Swedish people come over by the boatload to stock up on cheap grog and the later opening hours (at least by their their standards). I travelled on by train to Gilleleje, a major fishing port. I had a swim in the late afternoon at one of the beaches, which was very refreshing, then lay down and sunbaked in the weak sun :)
Although Copenhagen is generally very clean, well-ordered and neat, there is an area called the 'Freetown' of Christiania, which was started in the 1970's by a group of hippies and political activists. It is located in an old army area which is surrounded by greenery along a canal only a kilometre or 2 from the central city area, and feels utterly different to the rest of Copenhagen. People have squatted in the old army buildings and have also built shacks to live in, generally painted in bright colours and patterns. There are a number of what you would call rustic pubs and there are lots of people wandering around the paths with bottles of beer in one hand and a joint in the other. I decided to join in and have a beer and watch the passing parade. I walk into one of these pubs and am hit by the strong smell of marijuana. Inside, the place is a zoo - every type of chracter you can think of is there - old men in singlets and brightly coloured board shorts rolling joints, goths, rastas, pretty young girls who don't seem old enough to have left home, etc.
Like many of these 'societies' there is a feeling of being rundown and pretty aimless. It's so hard to keep utopia going - it seems you need some organisation and discipline, which rather defeats the purpose.
One Sunday morning I have brunch at a funky cafe called Tjili-pop then walk through a cemetery called Assistens, where Soren Kierkegaard, Hans Christian Andersen, Niels Bohr, and many other notable Danes are buried. It's like a botanical park - there are shady trees, bushes, soft green grass. Locals are sunbaking in their bathers and having picnics among the graves. These often have grass, flowers or bushes growing on them and generally have headstones of natural rock.
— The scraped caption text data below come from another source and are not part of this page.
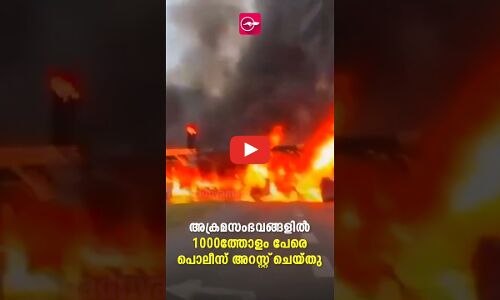 പ​തി​നേ​ഴു​കാ​രന്റെ കൊ​ല​പാ​ത​കം; ഫ്രാ​ൻ​സി​ൽ സം​ഘ​ർ​ഷം തു​ട​രു​ന്നു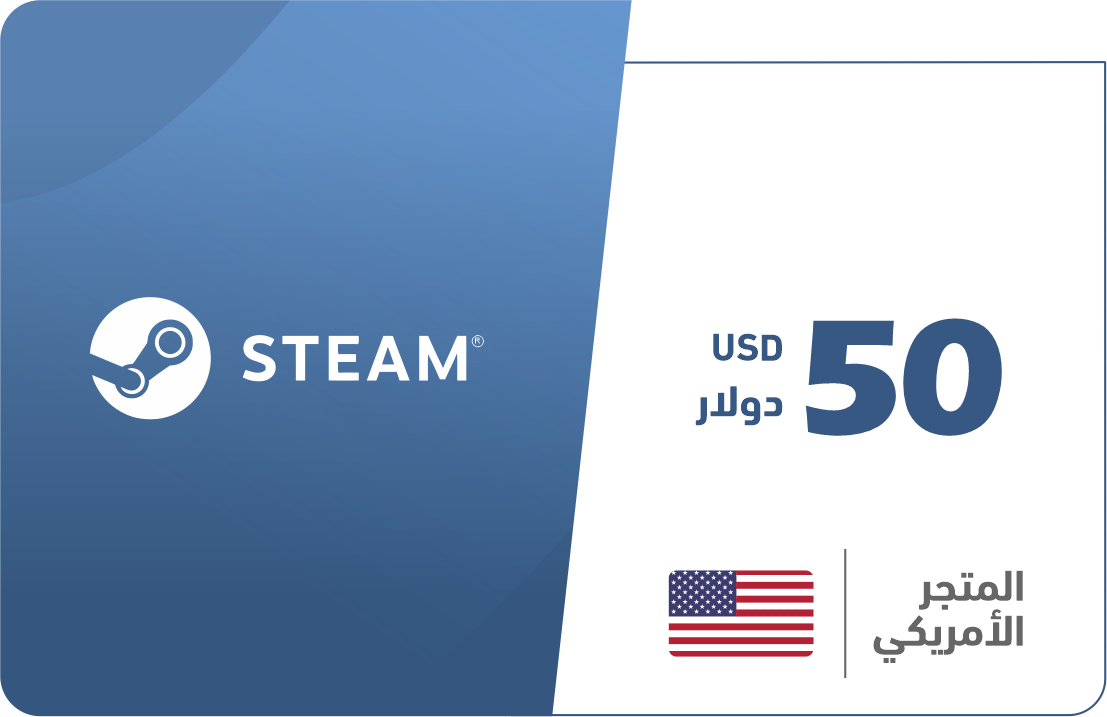 

50 دولار - المتجر الأمريكي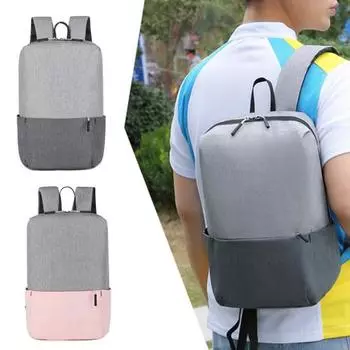 Повседневный велосипедный рюкзак с широким плечевым ремнем, 6 цветов, портативный светло-серый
A sunny Sunday afternoon in Copenhagen is people out in parks, thousands of cyclists, and pubs, restaurants and cafes full of people - much like life in Melbourne although more people are out, probably taking advantage of the short spell of favourable weather. In the 6 days I am in Copenhagen the weather alternates being cloudy, raining and short spells of sun. It's not exactly cold, although it doesn't really warm up.
To sum up my short visit - Copenhagen is a handsome, well-ordered, relatively quiet city. The use of bicycles is great and definitely looks like it has reduced the number of cars on the road. It is fairly expensive to live there - although probably only a little more than Melbourne, but cheaper than London. I unfortunately wasn't there long enough to experience more of the cultural activities, though I did get some of that through hearing the many bands at the tango festival. There are a lot of shops with 'design' items and the local clothing shops look pretty funky and have a lot of locally designed clothes.
I forgot to mention that every day I put in some serious research and ate Danish pastries. There are also some pretty good cafes serving good coffee.
Once again I am left with the hopeless feeling that I need another lifetime to properly explore all the places I would like to visit, as I feel as if I'm skating over the surface, but there's nothing to be done and I pack my bags for Stockholm.